Yarın 27
Nisan, müdahale resmigeçidi olan siyasi tarihimizin en sıra dışı
muhtırasının yıldönümü. 'Postmodern' 28 Şubat'ın ardından
darbeciler nasıl bir
sürpriz(!) yapacaklar diye beklerken e-muhtıra geldi.
Eskiden
mektup yazılır,
cumhurbaşkanına elden verilirdi. O da
sivilleri çağırıp ağızlarına biber sürer, muhtırayı tebliğ ederdi.
İnternet çağında darbeciler de kendini geliştirdi ve internet üzerinden
diskur çekmeyi denedi.
27 Nisan'ı sıra dışı kılan, icra şekli değildi.
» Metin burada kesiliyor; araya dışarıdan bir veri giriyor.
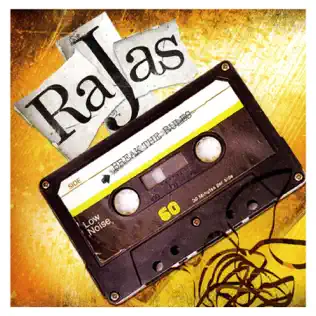 télécharger l'album Rajas - Rajas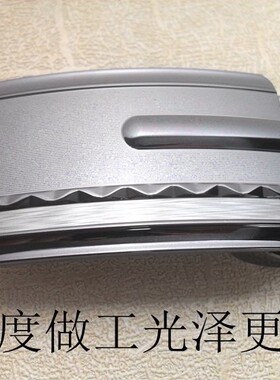 皮带扣头男士腰带头皮带头配件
Sonrasında gördükleri tepki ve hükümetten gelen karşı muhtıra, ezberleri bozdu.
Önce bu ezberin nasıl oluştuğuna kısaca göz atalım. Yıl 1961, darbeden bir buçuk yıl, Adnan Menderes'in idamından üç hafta sonra yapılan seçimleri Demokrat Parti'nin takipçisi üç parti kazandı. Cuntanın desteklediği
CHP 177
sandalye ile azınlıkta kalırken, AP, CKMP ve YTP yüzde 62 oy ve 277 vekille seçimin tartışmasız galibi oldu. Bunun üzerine ordu içindeki yeni cunta Silahlı
Kuvvetler Birliği, seçimleri tanımadığını ve yeniden darbe yapacağını ilan etti. İstanbul'da 21
Ekim, Ankara'da Mürted protokolleri imzalanarak darbe niyeti kayıtlara geçirildi. 24 Ekim'de yani ilan edilen darbe tarihinden bir gün önce siyasi
parti liderleri Çankaya Köşkü'nde askerlerle bir araya gelerek; "
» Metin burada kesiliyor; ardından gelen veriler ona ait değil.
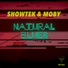 Showtek, Moby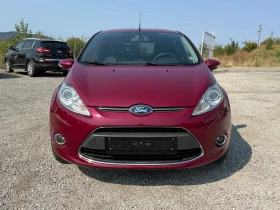 Ford Fiesta 1.2i-Titanium-�����������-Keyless-������ | Mobile.bg � ����� ������ 2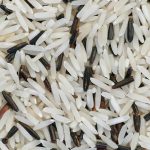 image of wild rice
Yassıada mahkûmlarına af çıkarılmayacağına, 27 Mayıs'tan sonra ordudan atılan 7.200 subayın yani Emekli İnkılap Subaylar Derneği üyelerinin orduya geri alınmayacağına ve
Cemal Gürsel'in cumhurbaşkanı seçileceğine" dair protokolü imzaladı. 'En özgürlükçü' diye yutturulan anayasa yürürlükteyken ve ara rejim sona erdi diye düşünürken türev darbeyi yemiştik.
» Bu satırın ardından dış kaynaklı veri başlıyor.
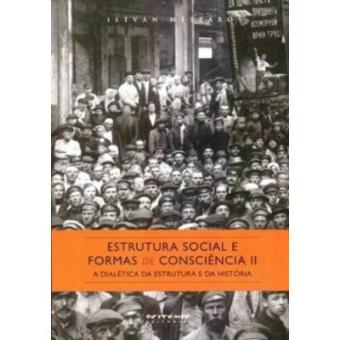 Estrutura Social E Formas De Consciencia - Volume 02 - 1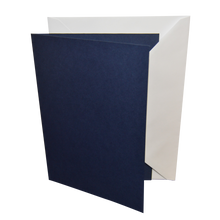 Load image into Gallery viewer, 5x7 Coloured Greeting Card Blanks &amp; Envelopes – Choose Colour &amp; Quantity - ModelBricks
Muhtıra denince ilk akla gelen 12
Mart'ı unutmayalım. 9 Mart darbesini bertaraf edip orgeneraller dışındaki cuntacıları
emekliye ayıran
Genelkurmay Başkanı Memduh Tağmaç, 3 gün sonra kendi muhtırasını verdi. Cumhurbaşkanı
Cevdet Sunay'a verilen ve 13.00'te radyodan
halka duyurulan metin amacına ulaştı.
Hükümet istifa etti, ara rejim kabinesi kuruldu, anayasaya bir kat daha
vesayet boyası atıldı. Muhtıra, Meclis'te de okundu ve AP'li Hasan Korkmazcan dışında kimse
itiraz etmedi.
Başbakan Süleyman
Demirel 'Şapkayı alıp gitmek' deyimini siyasi literatürümüze kazandırdı(!) 9 Martçıları son anda satan
Hava Kuvvetleri Komutanı
Org. Muhsin Batur ve
Kara Kuvvetleri Komutanı Faruk Gürler'in imzasını görüp sol darbe sanan DİSK gibi isminin başında '
devrimci' olan pek çok örgütün desteği de cabası.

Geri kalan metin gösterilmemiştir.